Indicator | 2006–2007 | 2007–2008 | 2008–2009 | 2009–2010 | 2010–2011 | |
---|---|---|---|---|---|---|
1. | Aantal deelnemers mbo (x 1000) | 464,4 | 477,1 | 479,6 | 486,1 | 488,7 |
bol-vt | 322 | 319 | 313,1 | 321,9 | 327,2 | |
bbl | 129,4 | 147 | 156,9 | 155,4 | 152,9 | |
bol-dt | 13 | 11,1 | 9,6 | 8,8 | 8,6 | |
Bron: bekostigingstelling mbo | ||||||
2. | Gemiddelde prijs per mbo-deelnemer (x 1000) | 6,3 | 6,7 | 7,2 | 7,3 | 7,3 |
Bron: Lumpsum budget/specifieke regelingen en gewogen bekostigingsdeelnemers mbo | 2007 | 2008 | 2009 | 2010 | 2011 |
4.3.2 Deelnemers volgen beroepsonderwijs en volwasseneneducatie van hoge kwaliteit in innovatieve instellingen en via hoogwaardige stageplekken
Doelbereiking
Om de kwaliteit van het middelbaar beroepsonderwijs te verbeteren moeten mbo-opleidingen voldoende onderwijstijd bieden, de examens op orde hebben en de doorlopende leerlijnen in de beroepskolom bevorderen.

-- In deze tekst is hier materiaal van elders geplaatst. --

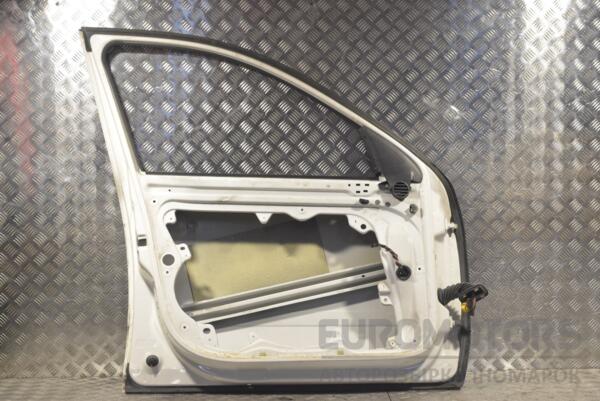 Двері передня ліва Skoda Octavia (A5) 2004-2013 1Z0831311 239686 - 2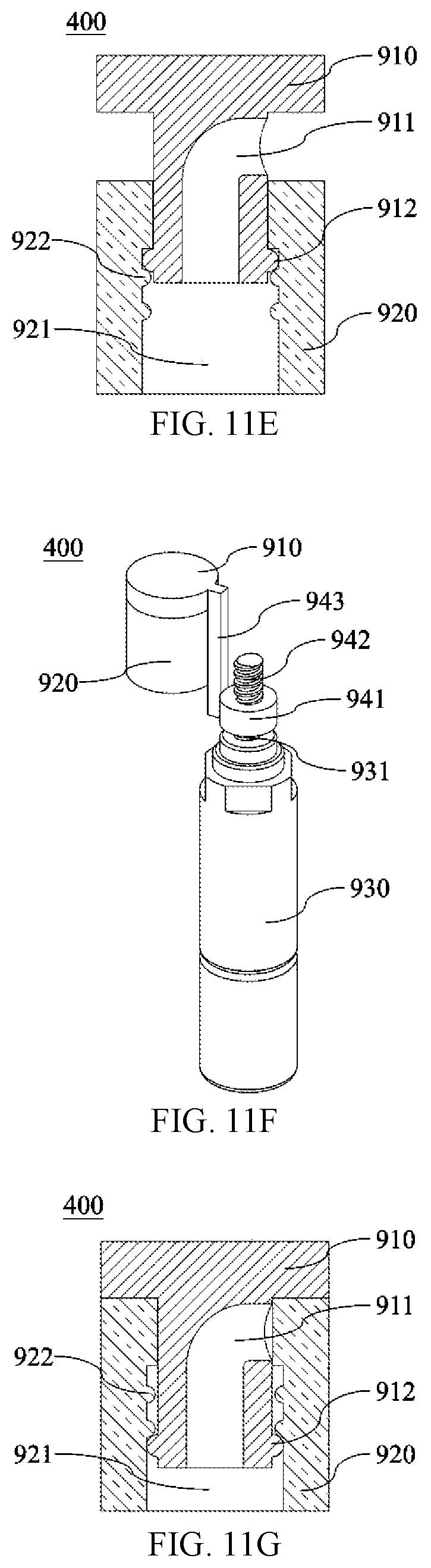 Patent US12323756 Figure 16 – In-ear wearable device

Ouders, studenten en werkgevers moeten kunnen vertrouwen op de kwaliteit van de opleidingen en de uitgereikte diploma’s. Een grotere betrokkenheid en een intensievere samenwerking tussen onderwijsinstellingen, kenniscentra en (leer)bedrijven in de regio kunnen ervoor zorgen dat de kwaliteit en de aantrekkelijkheid van het onderwijs, inclusief de stage, van een hoog niveau is. In deze crisistijd is het van belang dat het potentieel aan beroepspraktijkvormingsplekken (bpv-)plekken (stageplekken/leerbanen) bij leerbedrijven zo optimaal mogelijk wordt benut.
• Nederlandse taal en rekenen
Vanaf 1 augustus 2010 is de Wet Referentieniveaus Nederlandse taal en rekenen van kracht. Hiermee is het Referentiekader taal en rekenen een leidraad voor onderwijsinstellingen, docenten en onderwijsprogramma's in het primair onderwijs, voortgezet onderwijs en het mbo geworden. In 2011 hebben bijna alle onderwijsinstellingen ervaring opgedaan met afname van voorbeeldexamens en pre-pilotexamens. De ervaringen worden gebruikt voor de volgende pilotjaren 2012 en 2013. Op basis van een Uitvoeringsplan taal en rekenen mbo, met een looptijd van 2010 tot en met 2013, ontvangen instellingen jaarlijks ruim € 50 miljoen voor de intensivering van het taal- en rekenonderwijs. Voor ondersteuning kunnen instellingen terecht bij het steunpunt taal en rekenen mbo (zie www.steunpunttaalenrekenenmbo.nl). In juni 2011 is een voortgangsrapportage opgesteld over de implementatie van het referentiekader taal en rekenen in het po, vo en mbo (Kamerstukken II, 2010/11, 31 332, nr. 16). Jaarlijks leggen instellingen in het jaarverslag verantwoording af over de besteding van middelen vanuit de Regeling intensivering Nederlandse taal en rekenen en geven zij een beschrijving van de voortgang van het implementatieproces binnen de instelling.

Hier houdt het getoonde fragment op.